Kikou c’est moi, Hannah Baker. J’espère que
je vous énerve pas déjà parce que vous allez m’écouter me plaindre pendant
treize heures dans Blog Skyrock Pubère : la série. Il m’est arrivé plein de trucs horribles
(mais genre beaucoup) et aussi des trucs lambdas, et du coup je me suis
suicidée. Tout le monde il est méchant, la vie c’est dur putain. La bise.
Les
prémisses de 13 Reasons Why sont, au
fond, plutôt prometteurs. Ce testament maudit, cette lettre de suicide audio qu’on
se lance comme une patate chaude, ce réquisitoire qui avait la possibilité d’interroger
la morale et les intentions des accusés comme de l’accusateur. Adaptée d’un
roman young adult à succès, la
nouvelle série Netflix ne cache d’ailleurs jamais le public qu’elle vise :
il s’agit, bien évidemment, des premiers concernés par ces tragédies lycéennes
et autres bluettes plus ou moins pertinentes, allant du très sérieux harcèlement
scolaire au pathétique je-t’aime-moi-non-plus – les ados.
Treize
épisodes durant, nous découvrons donc les treize raisons qui auraient poussé la
défunte Hannah Baker à se donner la mort. Oui, treize. Ça semble quelque peu
arbitraire comme nombre, et cela handicape d’ailleurs très souvent la série. Ouais bon là, untel a pas été cool :
on va donc faire une heure là-dessus. De ce format découlent deux limites :
la première échoit au personnage d’Hannah, qui apparaît rapidement comme une
agaçante drama queen capricieuse et franchement
égocentrique, impression accentuée par le fait que les scénaristes l’épargnent
presque entièrement de toute remise en question.
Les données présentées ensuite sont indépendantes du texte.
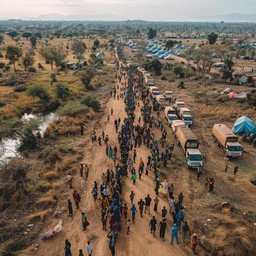 World Humanitarian Day 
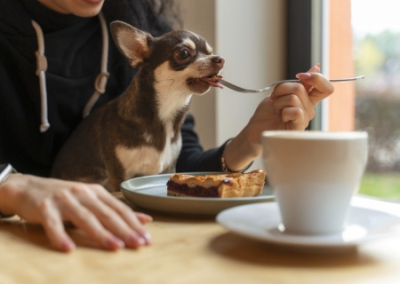 Останина призвала любителей животных обедать со своими собаками в кафе за одним столом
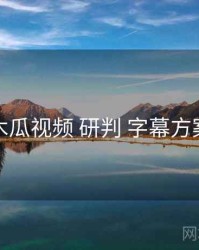 木瓜视频 研判 字幕方案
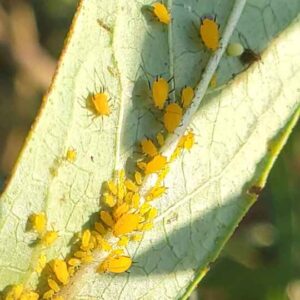 Aphids on milkweed no chemicals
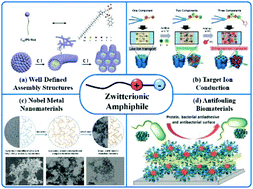 Graphical abstract: Zwitterionic amphiphiles: their aggregation behavior and applications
Hannah est un personnage sans
nuances et par conséquent un personnage ennuyant. Dommage, parce qu’elle est la
protagoniste et la narratrice de la série. Certes, son destin est tragique –
mais cela reste un personnage de fiction, un personnage écrit par un
scénariste, et en tant que tel, on peut juger son dessin : elle ne diffère
que très peu de Calimero.
L’autre
limitée liée au format de 13 Reasons Why,
c’est sa nécessité de meubler. Dans sa définition comme utilisée
(théoriquement) par la série, la dépression menant au suicide est un acte
complexe, aux facteurs souvent flous et pluriels. 13 Reasons Why n’est ni l’un ni l’autre. Pour faire simple, se
succèdent donc une dizaine d’événements souvent grossiers et peu crédibles qui
tentent de maladroitement justifier ce suicide selon une logique mathématique,
sans jamais vraiment prendre le temps d’étudier les véritables conséquences de
chaque événement au court terme. A l’exception notable des deux ou trois
derniers épisodes, Hannah tire toujours la même tronche et semble bloquée dans
un statu quo émotionnel pas vraiment très opportun, puisqu’il empêche toute
empathie.
C’est
d’autant plus dommage car 13 Reasons Why
sait parfois toucher juste, notamment dans ses portraits de personnages (sur la
douzaine « d’accusés », une bonne moitié ont un profil passionnant,
entre archétype, allégorie et visage profondément humain). Les interprètes sont
globalement très convaincants, et les treize épisodes sont ponctués de très
belles scènes, touchantes voir bouleversantes, composant autour de thèmes aussi
variés que le deuil, le paraître, le microcosme lycéen, les remords, la résipiscence
et plus généralement l’âge ingrat de l’adolescence. Récit initiatique dont le
moteur est la tragédie et les fautes passées qui reviennent nous hanter, la
série de Netflix vaut surtout pour ses personnages les plus ambiguës, comme
Justin Foley, Alex Standall ou Mr. Porter – sublimés par les grands écarts
séparant leur comportement, leurs motivations, leur vie privée et leur vie
publique. Ils sont foncièrement imparfaits, et donc plus évocateurs de ce que semblaient
être les intentions initiales de la série : fait réfléchir sur le drame
quotidien et ses conséquences (dont le harcèlement moral et sexuel), et délivrer
une analyse quasi-sociologique des codes, des communautés, des traumatismes et
des malaises gangrenant en profondeur les lycées américains.
Mais
voilà : 13 Reasons Why, c’est
beaucoup de surplace pour un paiement un peu facile, c’est une valorisation
aveugle d’une héroïne superficielle, c’est aussi des intrigues secondaires dignes d’un soap du dimanche avec leurs protagonistes aux comportements improbables et incohérents. A trop vouloir
décomposer le suicide avec une rigueur scientifique, on finit par se retrouver
devant un objet froid, immature et vain, pas vraiment aidé par ses dialogues à
coucher dehors et sa bien-pensance assommante. Oui, les intentions sont bonnes.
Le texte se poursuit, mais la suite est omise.